(RECORDS PROVIDED):
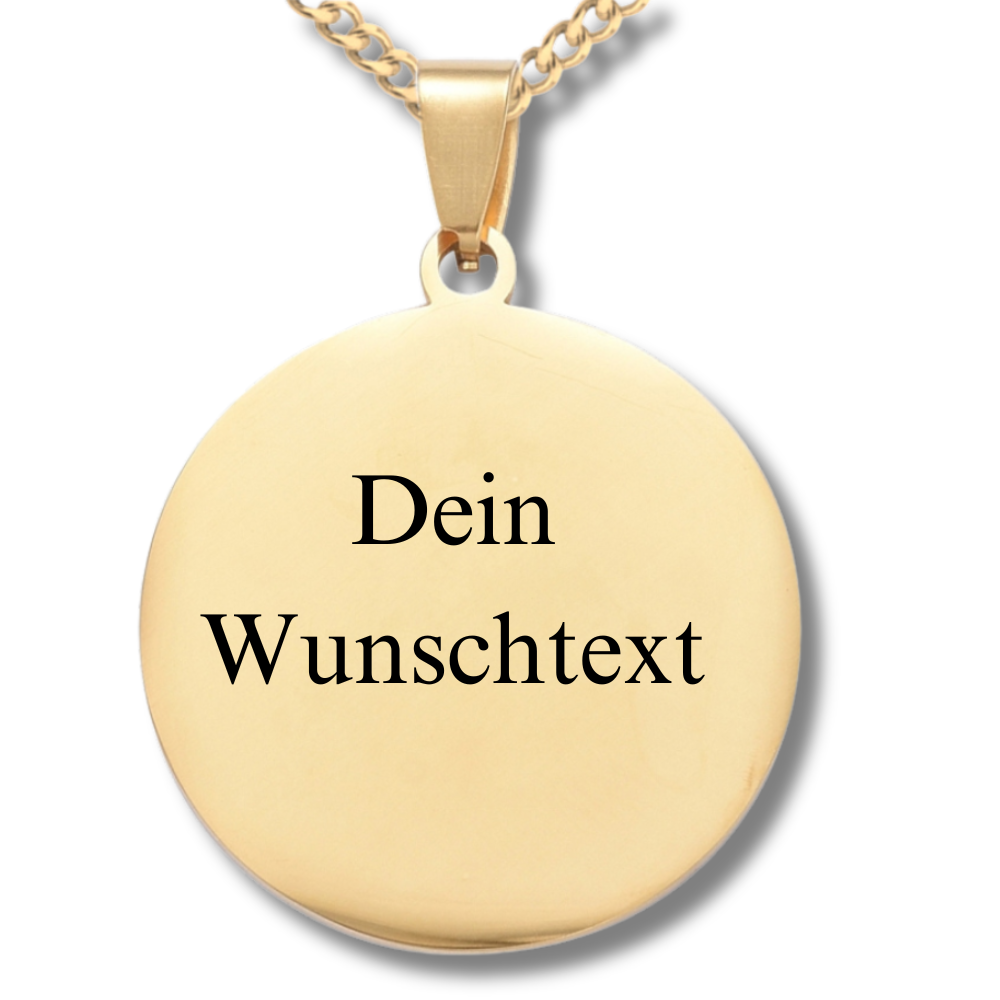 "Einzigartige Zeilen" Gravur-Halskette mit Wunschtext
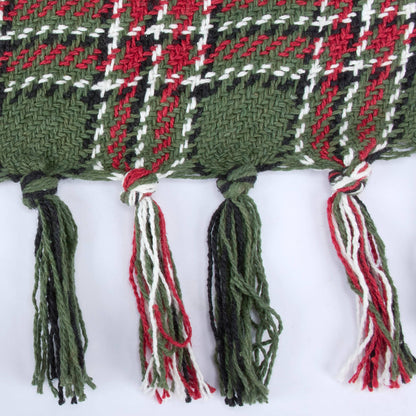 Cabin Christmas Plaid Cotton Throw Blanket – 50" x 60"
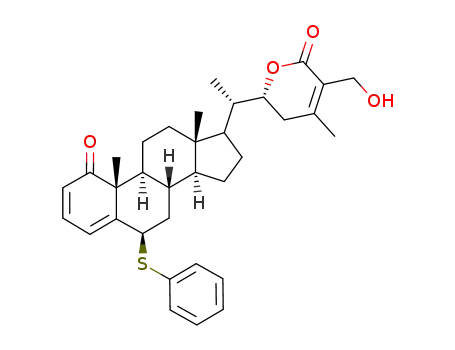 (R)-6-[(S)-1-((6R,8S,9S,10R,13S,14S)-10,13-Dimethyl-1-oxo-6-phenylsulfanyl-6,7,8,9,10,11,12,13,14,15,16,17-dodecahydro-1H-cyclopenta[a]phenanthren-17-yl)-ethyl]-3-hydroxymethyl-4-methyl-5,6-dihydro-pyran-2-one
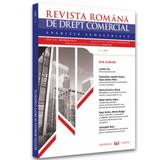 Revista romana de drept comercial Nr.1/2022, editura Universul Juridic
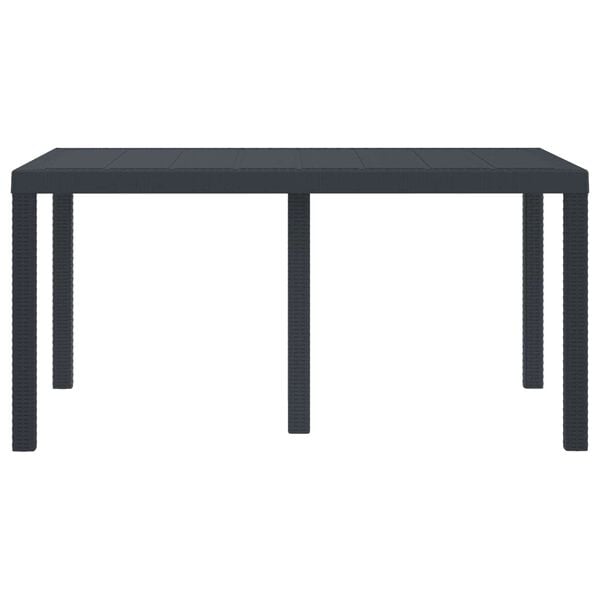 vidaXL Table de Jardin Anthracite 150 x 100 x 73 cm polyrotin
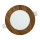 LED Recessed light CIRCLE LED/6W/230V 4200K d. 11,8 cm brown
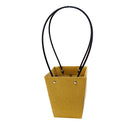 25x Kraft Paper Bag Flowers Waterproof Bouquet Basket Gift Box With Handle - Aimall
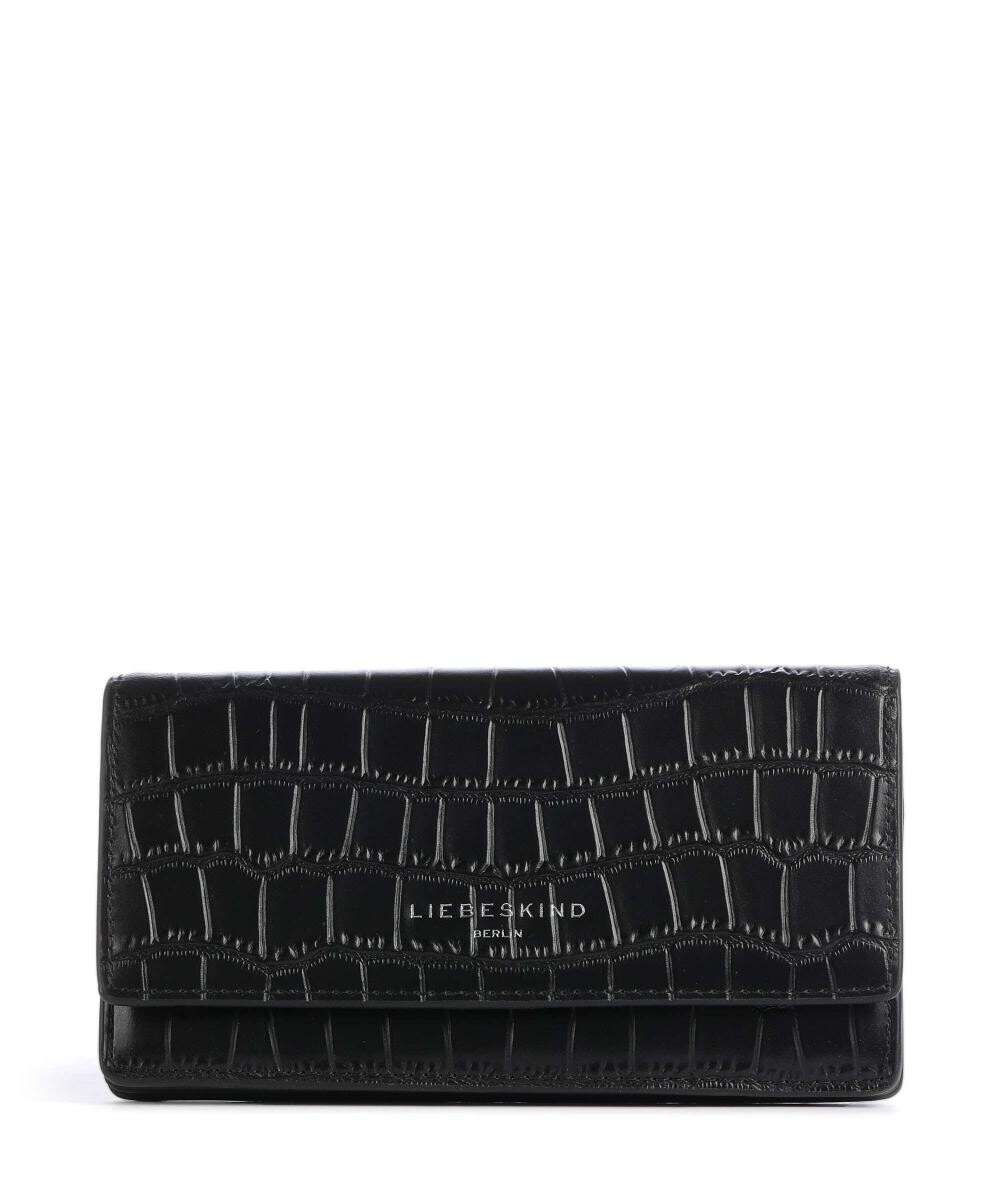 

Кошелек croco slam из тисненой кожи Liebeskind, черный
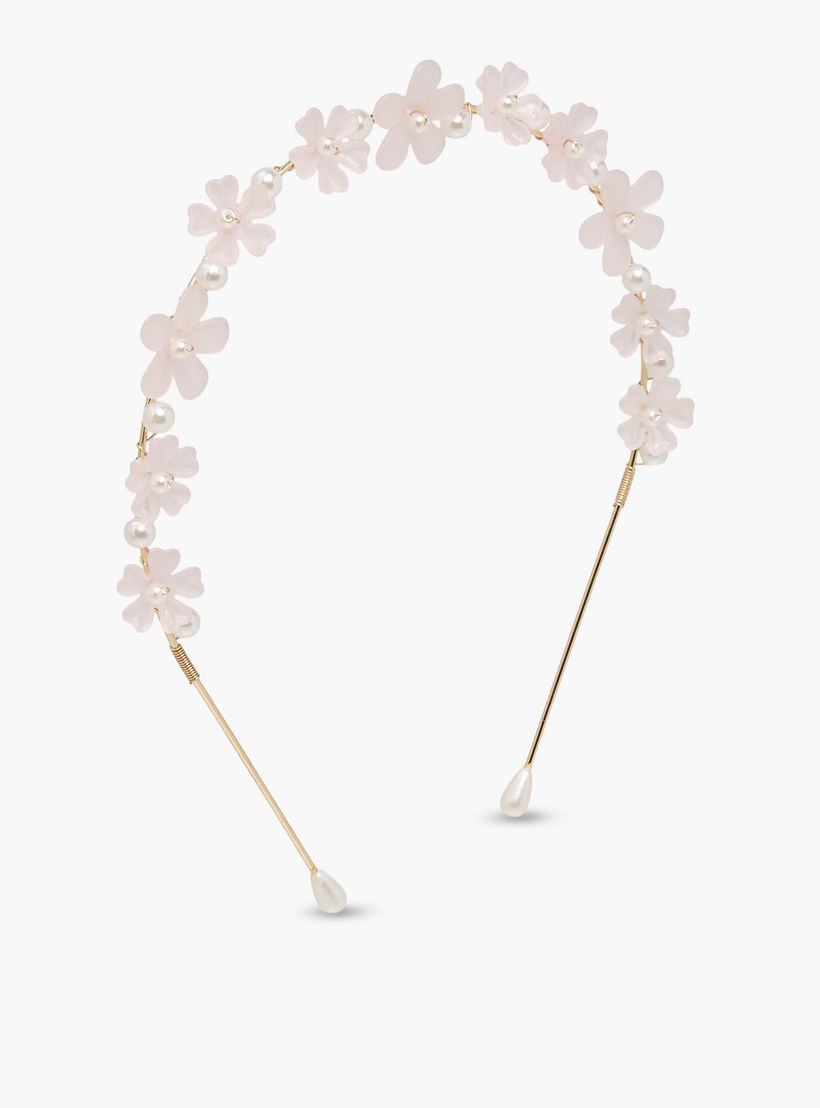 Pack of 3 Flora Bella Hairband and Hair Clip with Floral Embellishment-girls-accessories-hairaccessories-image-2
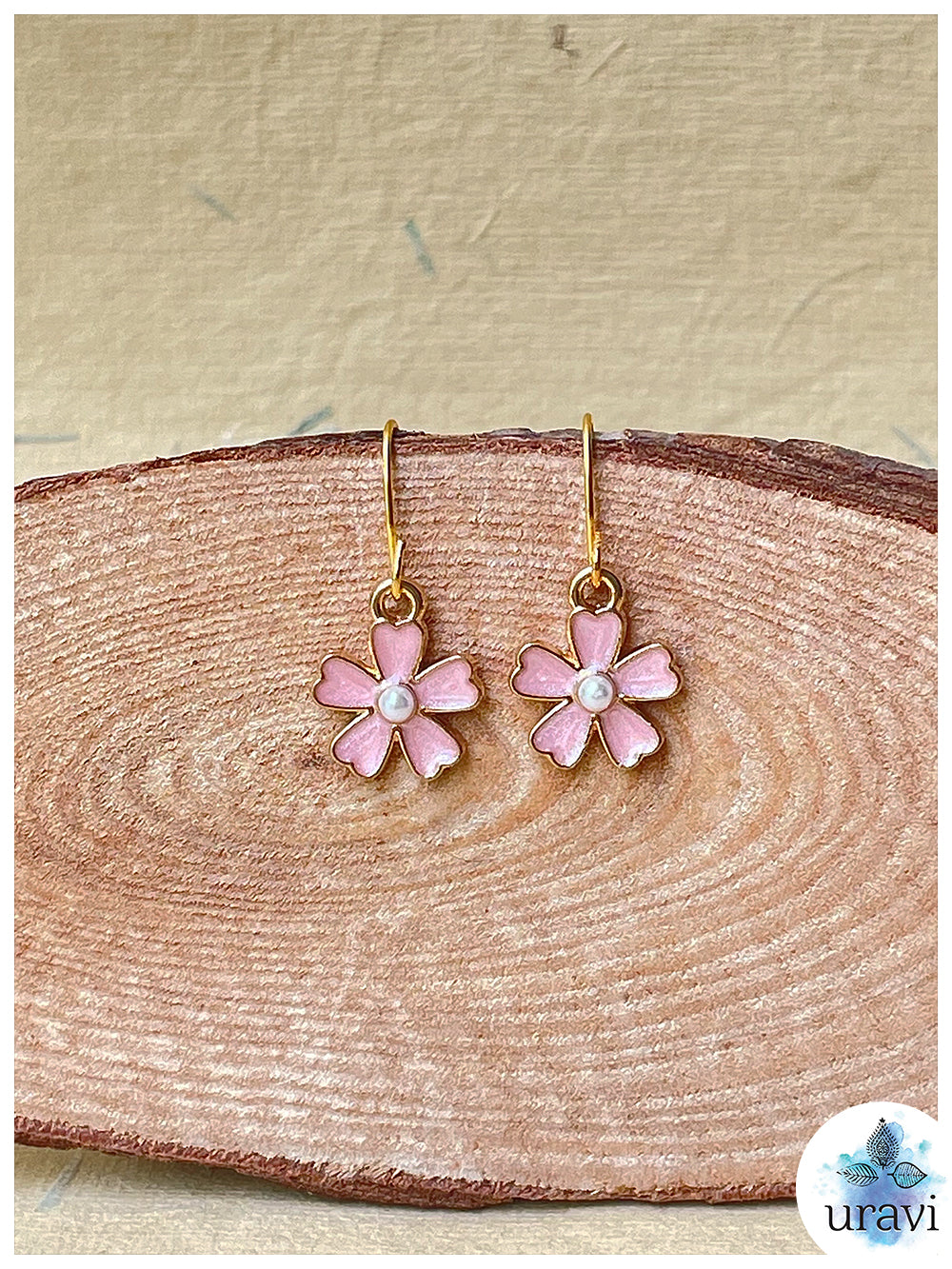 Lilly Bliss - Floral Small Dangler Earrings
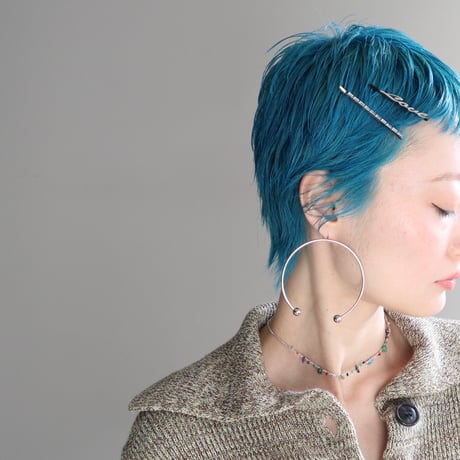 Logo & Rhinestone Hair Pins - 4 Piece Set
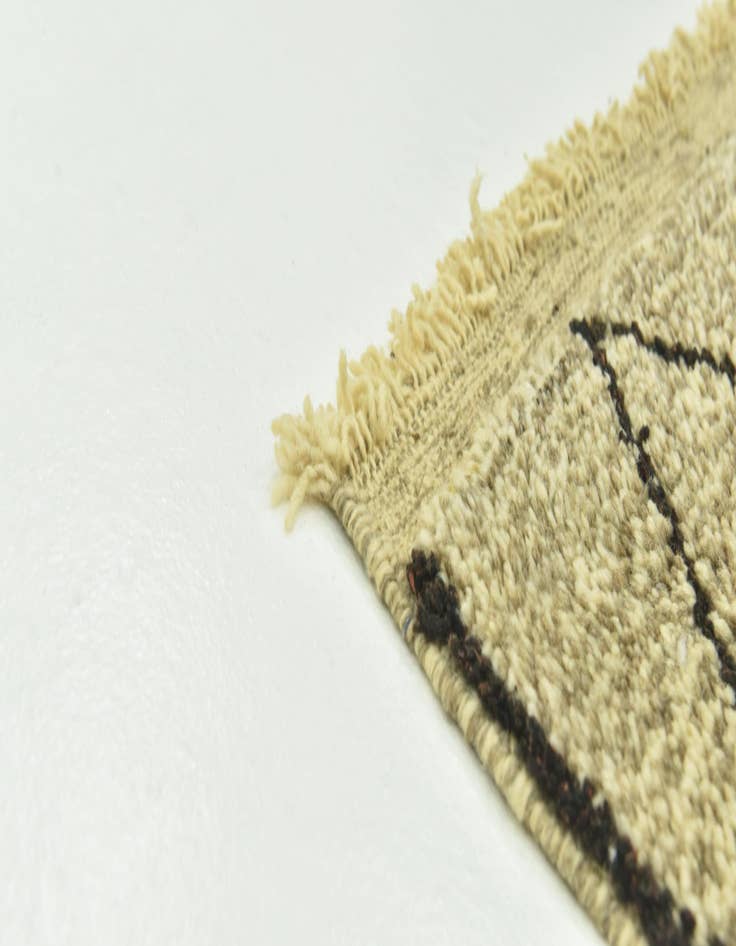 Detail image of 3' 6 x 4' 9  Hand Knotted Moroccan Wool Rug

(TO DO): Above are the records. Copy word for word only their lines from the one holding "vidaXL Table de" through the one holding "Кошелек croco slam", both included, and skip the images.

(OUTPUT FOR THIS EXERCISE):
 vidaXL Table de Jardin Anthracite 150 x 100 x 73 cm polyrotin
 LED Recessed light CIRCLE LED/6W/230V 4200K d. 11,8 cm brown
 25x Kraft Paper Bag Flowers Waterproof Bouquet Basket Gift Box With Handle - Aimall

Кошелек croco slam из тисненой кожи Liebeskind, черный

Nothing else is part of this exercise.